After thirteen years of its abolition, the last remaining "polytechnic" has vanished from the UK higher education sector. Anglia Polytechnic University has now changed its name to Anglia Ruskin University so as to remove the confusing "poly" from its title. Vice-chancellor David Tidmarsh stated that the term is outdated in the UK and means different things to different people, hence the decision to adopt a new name that would reflect the university’s reputation for providing quality services and education.
After a period of long consultation, Anglia Ruskin University was eventually chosen from over two hundred suggestions. Other names like Anglia University and Anglia Metropolitan University were discarded. The university’s roots date back to 1858 when a Victorian scholar named John Ruskin founded the School of Art in Cambridge, now incorporated in the university’s campus. Ruskin was an innovative educator who was passionate about equipping students with relevant work skills and ensuring that higher education was attainable by all.
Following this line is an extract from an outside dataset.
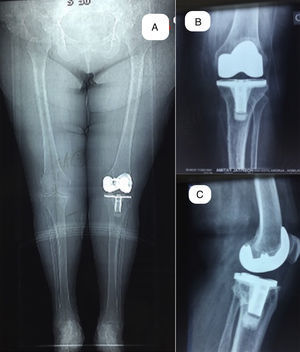 Postoperative images of the patient of Fig. 4 at 12 years after surgery. (A) Teleradiography of weight bearing lower limbs with a valgus alignment of 6°. (B) Weight-bearing X-ray, anteroposterior plane. (C) Weight-bearing X-ray, in the lateral plane.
Professor Tidmarsh highlighted that over 90% of Anglia Ruskin University’s students come from state schools and over 93% of the graduates enter employment or initiate further studies within six months of receiving their degrees. The name change was part of a comprehensive university overhaul that involved investing £55m in the campus and refocusing the curriculum. This included trimming down up to 75% of the university’s individual courses to make it more streamlined. The changes were made after a poor inspection report a year ago, which indicated limited confidence in the university’s performance.